I have many positive things from my mother...
A 'no quit' attitude.
I learned to never complain, and to work hard.
I learned to be honest with myself and others.
and believe it or not, I have developed many good character traits from living with an abusive father.
I learned to seperate my worth from another's opinion or actions.
I learned that whatever anyone thinks of my worth as a human being, my worth is not weighed by the value placed on me by the people who surround me.
My value is based on God's love for me.
That makes me a person of infinite worth.
I also developed self limiting beliefs...
Coming out of high school...there was the belief that college was for rich kids.
That a career in the arts was not a 'real job'.
For anything to be a real job, it had to be boring and hard and pay for shit.
I was taught that being feminine was 'wussy'.
To be 'equal' you had to be 'tough'.
So many of these things went against my true nature, that I supressed myself.
I am, by nature, a very sensitive person.
I like people.
For who they are...not the clothes they wear, not for the job they have or the car they drive...or the age they have attained or haven't attained.
In my mind, when I am looking at someone...whether it's an adult or a child...I see an individual and approach them that way.
YOu won't find me talking down to a child, or an elderly person, or a homeless person.
When I talk to people I want to hear from their heart and mind.
I want to know who they are...
And I want to judge them on their spirit....not their social status.
I do not feel the need to be validated in my life choices by people who have made similar life choices.
This makes me (and has made me) very different than many people over the years.

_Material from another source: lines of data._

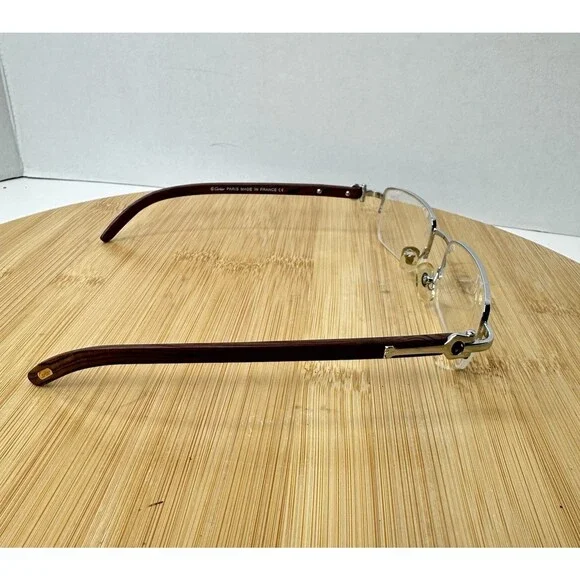 Cartier Platinum Men's Eyeglasses 54-19-140 Half Rim Wooden Temples FRAMES ONLY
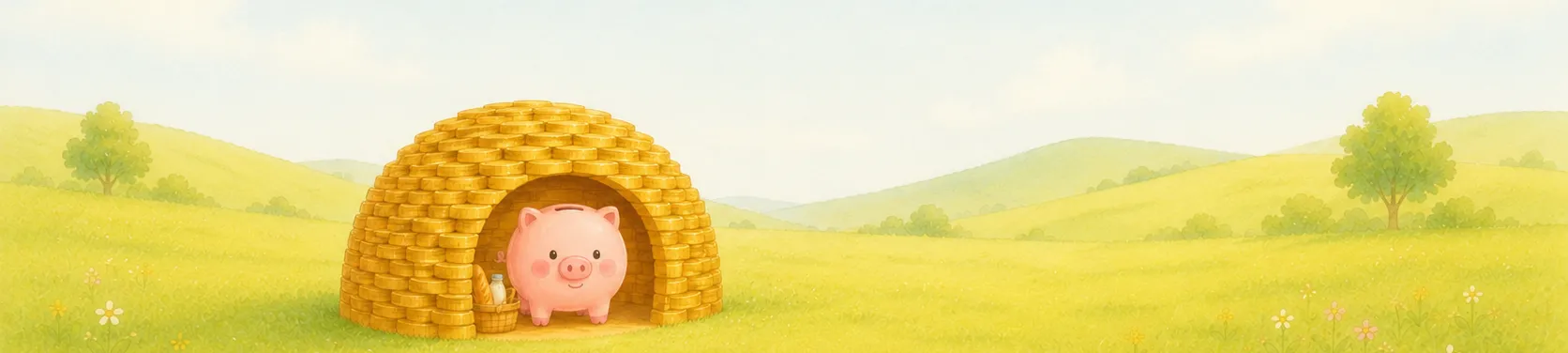 金貨を積んで作ったかまくらの中で、コブタの貯金箱が買い物かごと一緒ににっこり立っているイラスト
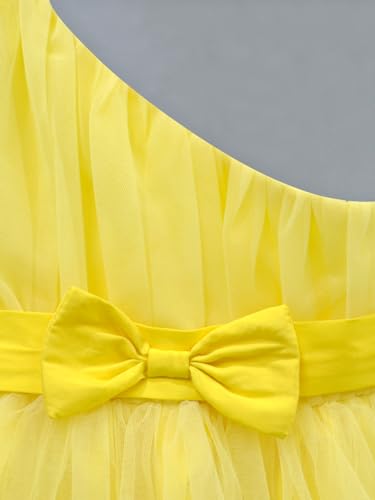 Image of A.T.U.N. (All Things UBER Nice) Girls Knee Length Solid One Shoulder Bow Fit & Flare Dress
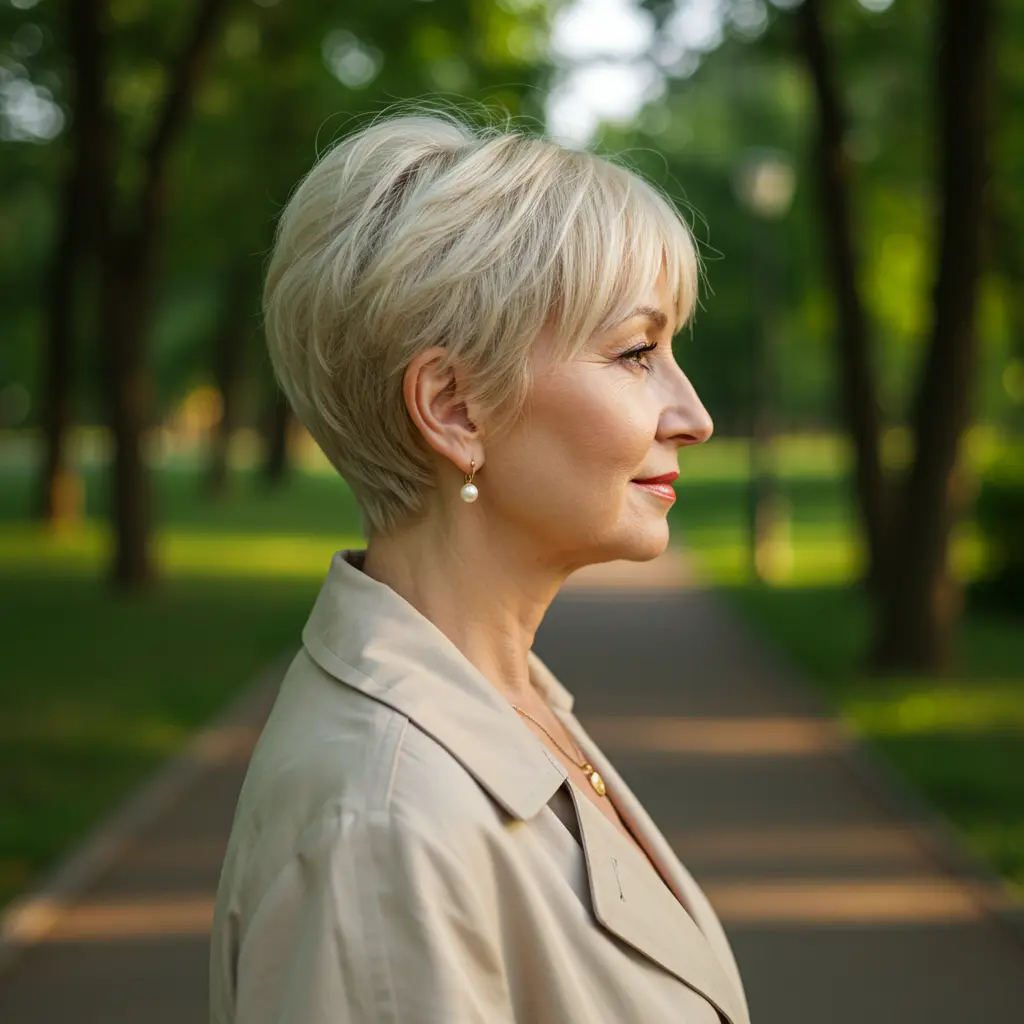 Chic Pearl Blonde Pixie Cut
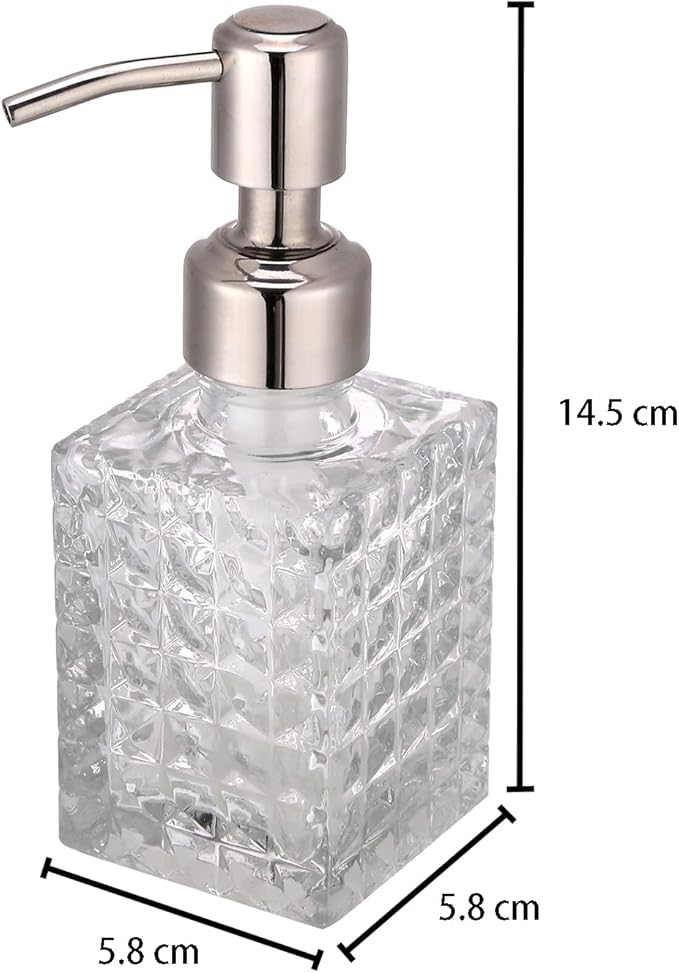 YunNasi Soap Dispenser with Stainless Steel Pump, Clear Crystal Design, Vintage and Elegant, Refillable Liquid Hand Soap Dish Soap Dispensers for Bathroom Counter, Kitchen Sink (Style 4)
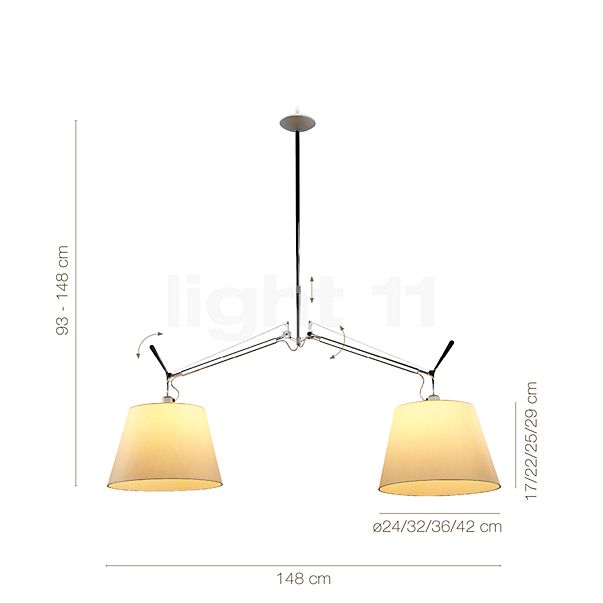 De afmetingen van de Artemide Tolomeo Sospensione Diffusore perkament - ø24 cm in detail: hoogte, breedte, diepte en diameter van de afzonderlijke onderdelen.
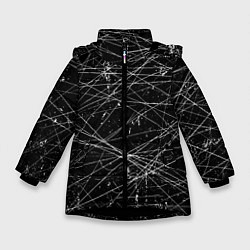Куртка зимняя для девочки ТЕКСТУРА ГРАНЖ GRUNGE, цвет: 3D-черный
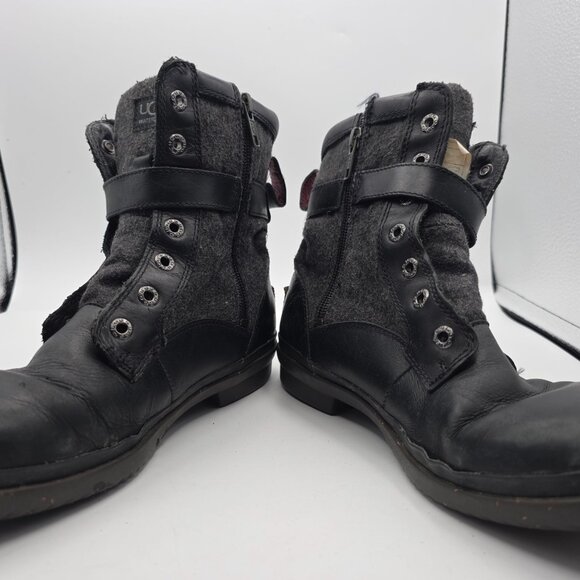 UGG Kesey Womens Size 7 Black Waterproof Leather Ankle Boots Outdoors Casual - Picture 3 of 13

So I don't always fit in social settings.
I have never, not once wanted to discuss whether my car had a leather interior.

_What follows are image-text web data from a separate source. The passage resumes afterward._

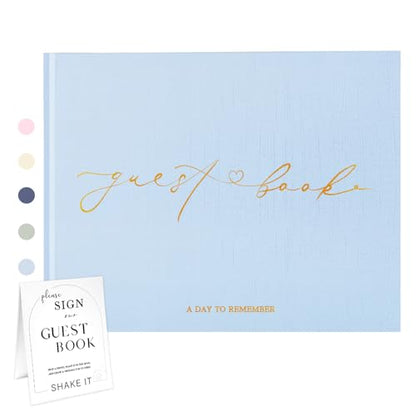 Wedding Guest Book, Polaroid Photo Guestbook for Baby Shower | Table Sign Included, Gold Stamping, Hardcover, 9x7.5", Perfect for Bridal Party & Baby Shower, Dusty Blue - color: Dusty Blue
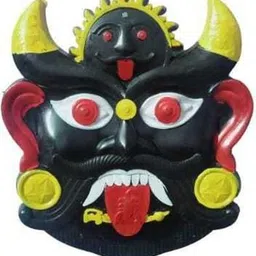 Nazar Battu Evil Eye Protector - Mahakal Face Plastic Mask Wall Hanging Nazar Suraksha Kawach Drishti Kavach for House Entrance, Office, Shops, Truck (Size- 12X10 Inches) 31X26 cm Decorative Showpiece-31 cm-image-1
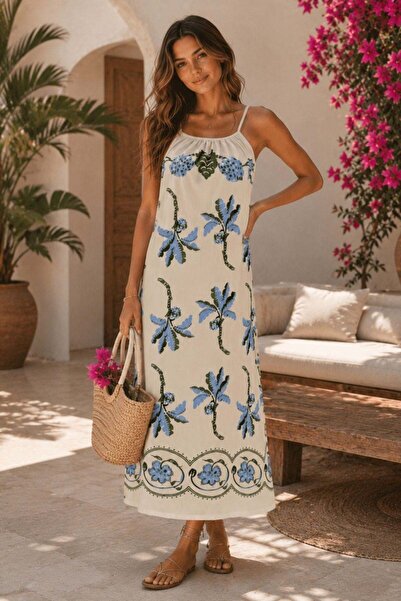Mossta Strappy Straight Neckline Floral Patterned Long Single Jersey Dress - ...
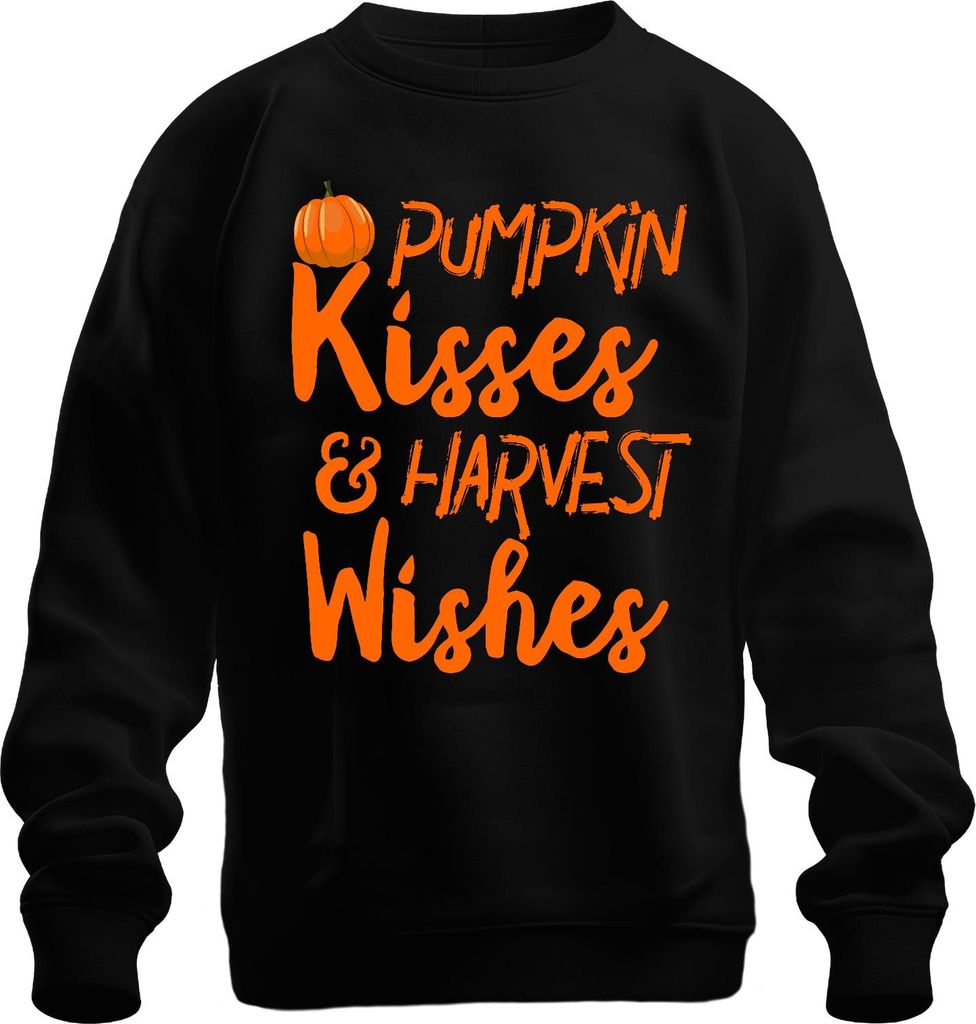 Pumpkin Kisses & Harvest Wishes Kürbis Halloween Herbst Retro Uni Sweatshirt Pullover, Schwarz, 3XL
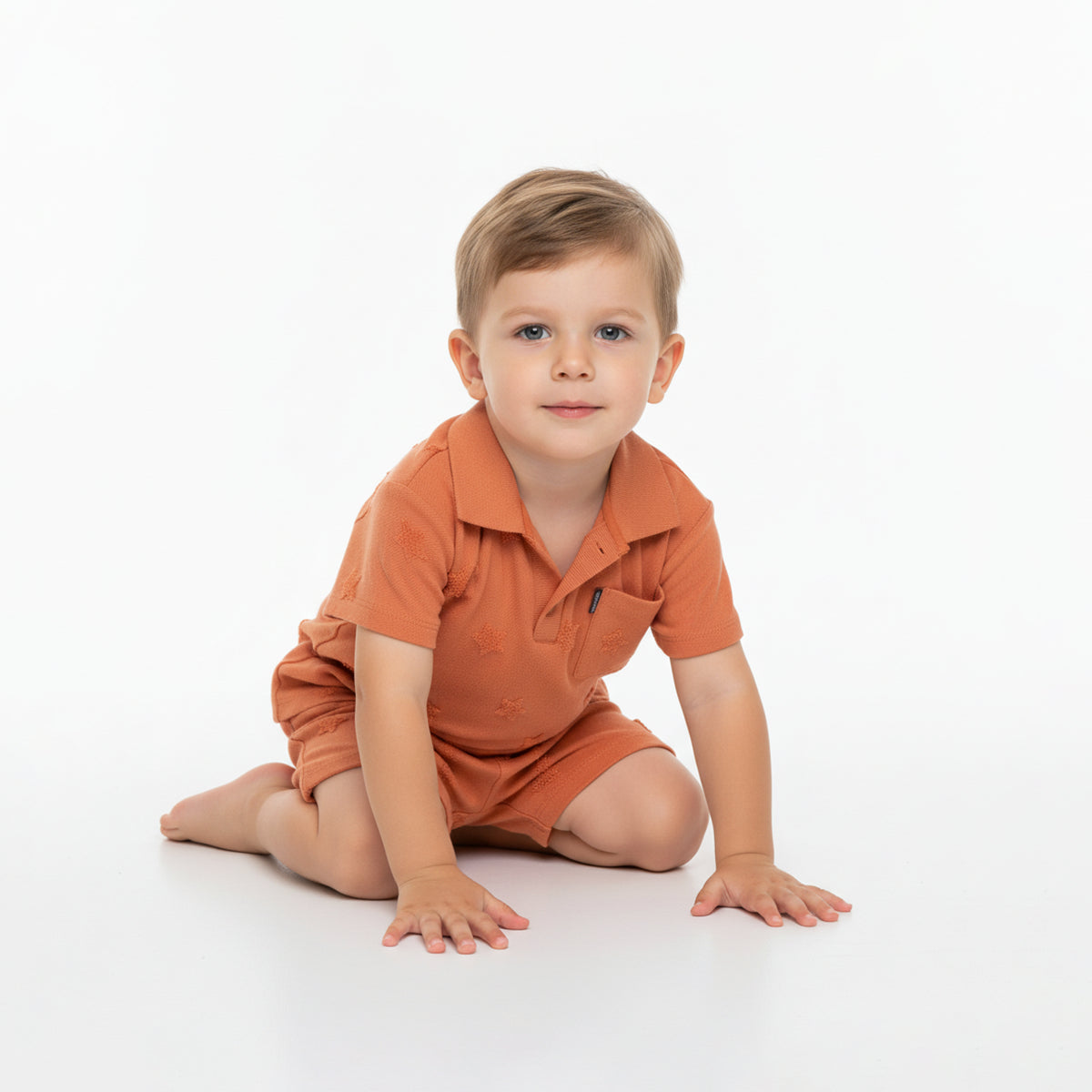 Baby Boys Star Textured Polo T-Shirt with Shorts Set, Rust Orange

When the wholesale condemnation of an entire people group or activity comes winging my way in a conversation, I do my best to duck.
For by what measure you judge, you will be judged.

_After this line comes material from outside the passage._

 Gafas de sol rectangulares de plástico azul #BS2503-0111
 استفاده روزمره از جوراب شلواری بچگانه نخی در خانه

I always keep that in mind... cause I can just see jesus up there measuring out the judgement rod everytime I open my mouth to condemn someone...(he was a carpenter)
But I have learned to accept that not everyone approaches life this way.
The one good thing my childhood did for me was to teach me to differentiate between someone's opinion or perception of a situation..
I learned early that another's opinion was just that..an opinion.
Or to use a crass phrase that was flung around my house:
"Opinions are like @ssholes, everyone has one."
What hurts my heart is to see other people accept the opinion of others as a correct one in spite of that person's own perception or grasp on a situation.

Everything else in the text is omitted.